* _HOW TO COMPLETE THIS TASK_: Below is a listing. Return the lines from the one that contains "шпон венге Портал" to the one that contains "Aquaphor Baby Healing Ointment, 1.75 oz Tube", both ends included, verbatim and with no pictures.

* _PROVIDED ENTRIES_:
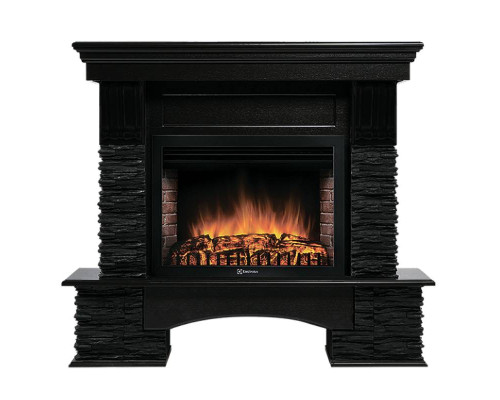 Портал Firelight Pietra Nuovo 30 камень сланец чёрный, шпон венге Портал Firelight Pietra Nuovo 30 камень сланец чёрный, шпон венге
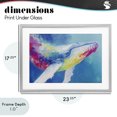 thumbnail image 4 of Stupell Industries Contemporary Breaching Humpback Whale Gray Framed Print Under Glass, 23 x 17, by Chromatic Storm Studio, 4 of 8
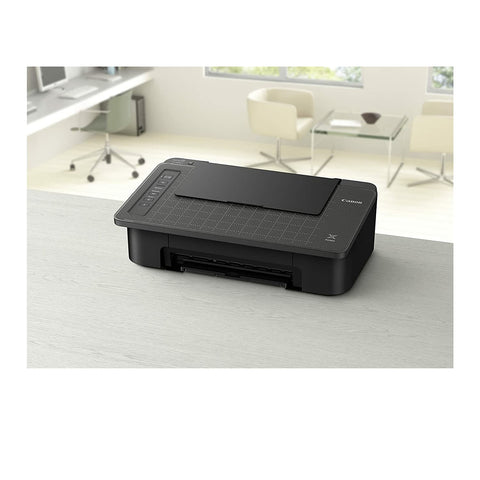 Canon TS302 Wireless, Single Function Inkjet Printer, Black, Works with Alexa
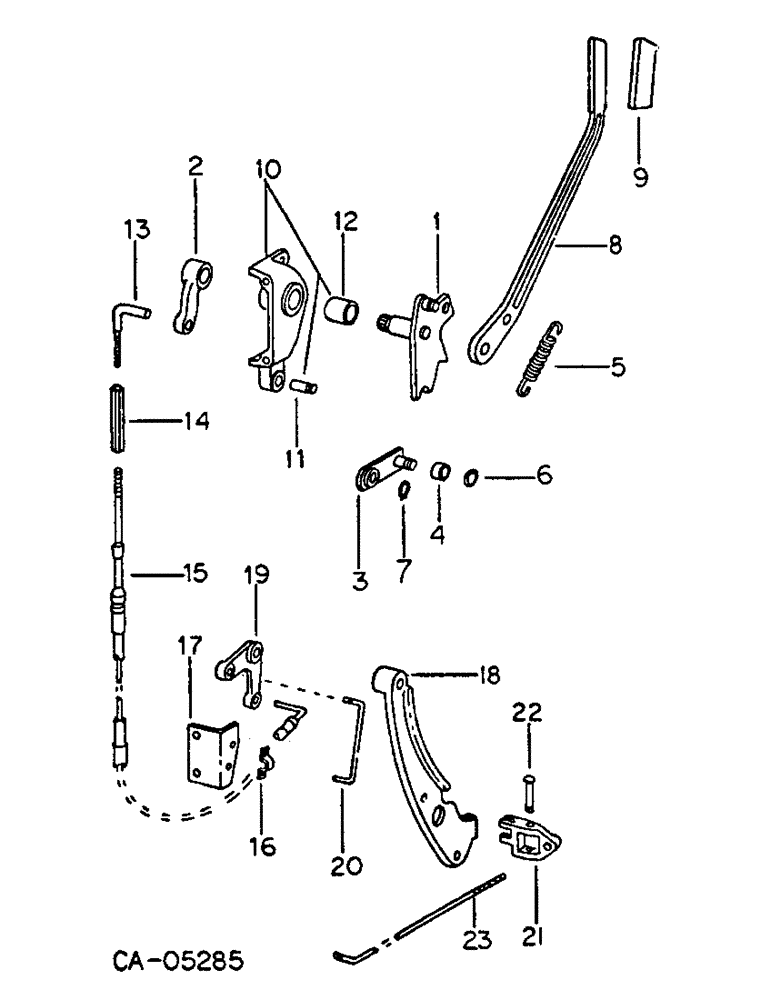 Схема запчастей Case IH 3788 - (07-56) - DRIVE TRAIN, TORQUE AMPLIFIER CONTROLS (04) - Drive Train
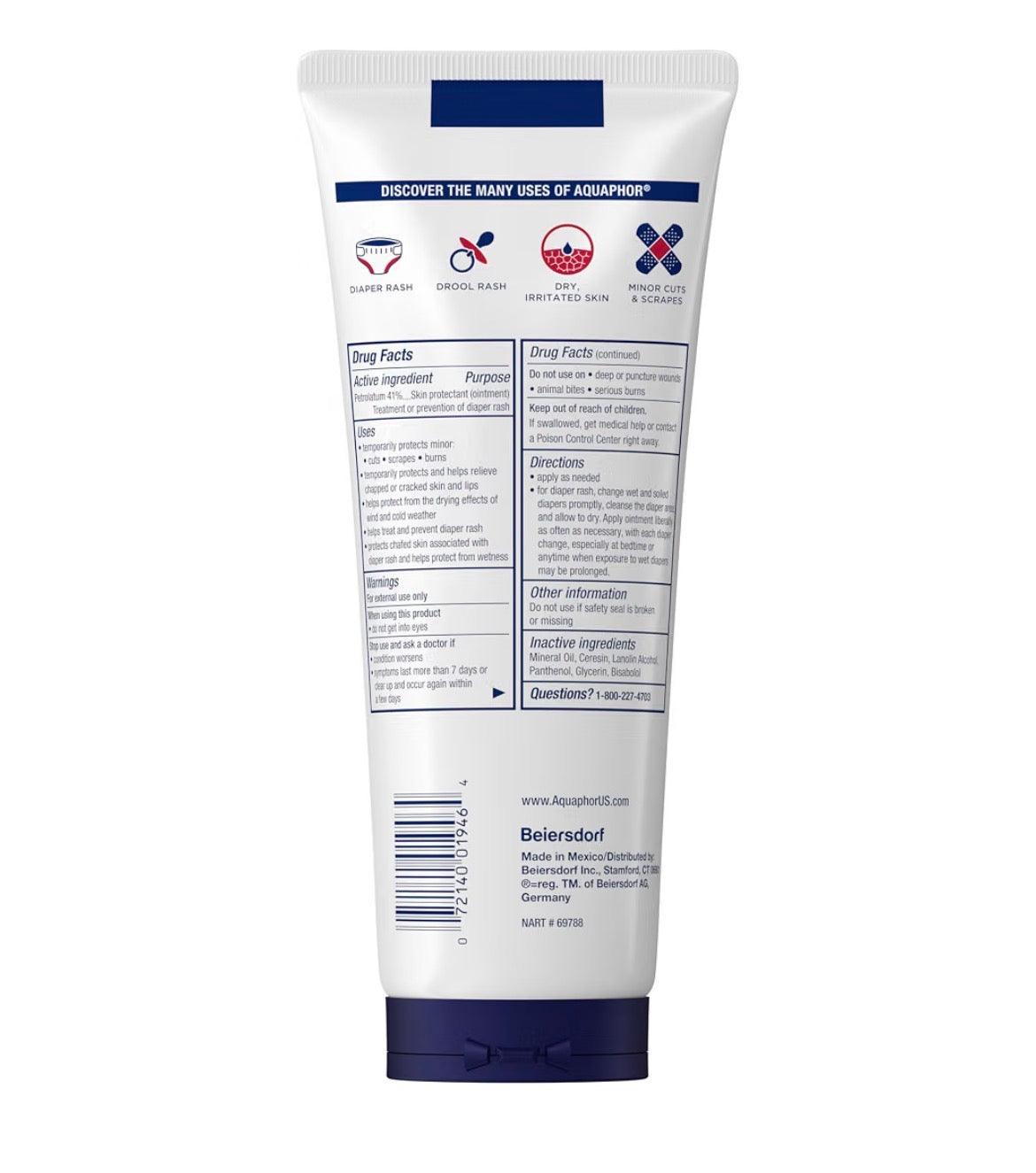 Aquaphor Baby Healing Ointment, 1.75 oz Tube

==

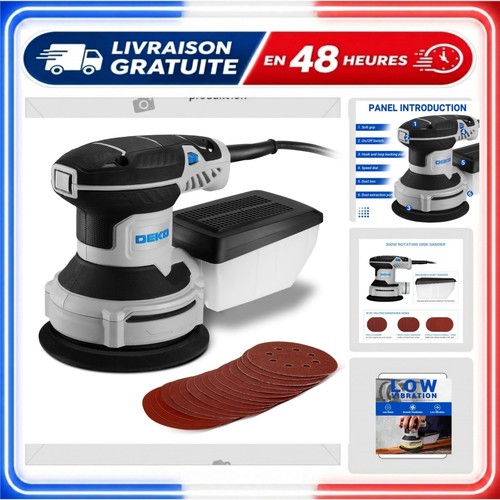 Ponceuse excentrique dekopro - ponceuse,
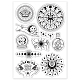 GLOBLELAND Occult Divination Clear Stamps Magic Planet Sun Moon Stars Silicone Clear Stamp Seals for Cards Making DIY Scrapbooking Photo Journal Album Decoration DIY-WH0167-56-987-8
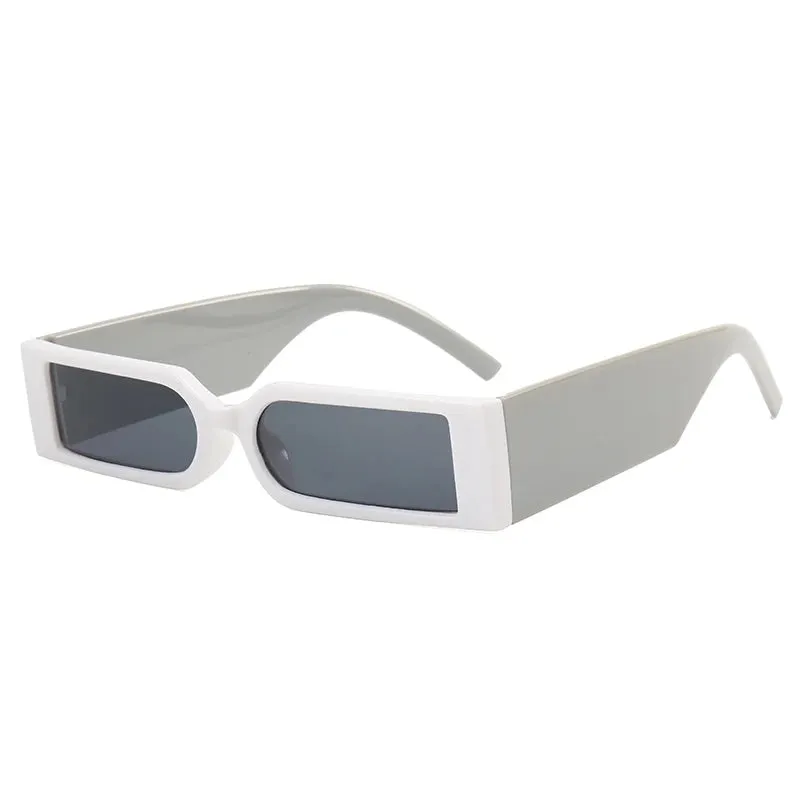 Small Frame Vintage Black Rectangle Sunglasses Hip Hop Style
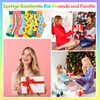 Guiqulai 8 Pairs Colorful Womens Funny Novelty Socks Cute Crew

==

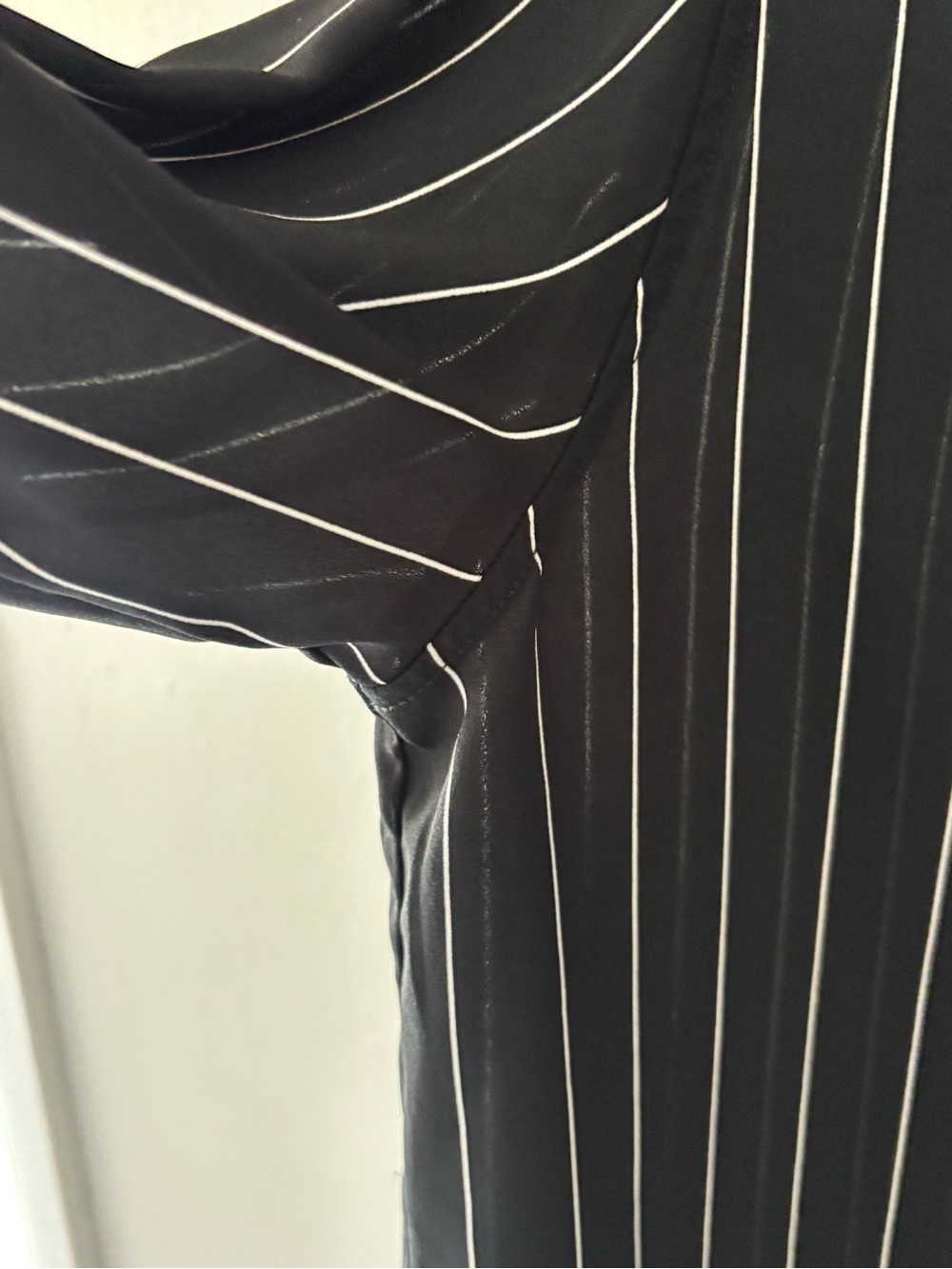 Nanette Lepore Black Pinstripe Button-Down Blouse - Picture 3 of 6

* _ANSWER SPACE_:
 Портал Firelight Pietra Nuovo 30 камень сланец чёрный, шпон венге Портал Firelight Pietra Nuovo 30 камень сланец чёрный, шпон венге
 thumbnail image 4 of Stupell Industries Contemporary Breaching Humpback Whale Gray Framed Print Under Glass, 23 x 17, by Chromatic Storm Studio, 4 of 8
 Canon TS302 Wireless, Single Function Inkjet Printer, Black, Works with Alexa
 Схема запчастей Case IH 3788 - (07-56) - DRIVE TRAIN, TORQUE AMPLIFIER CONTROLS (04) - Drive Train
 Aquaphor Baby Healing Ointment, 1.75 oz Tube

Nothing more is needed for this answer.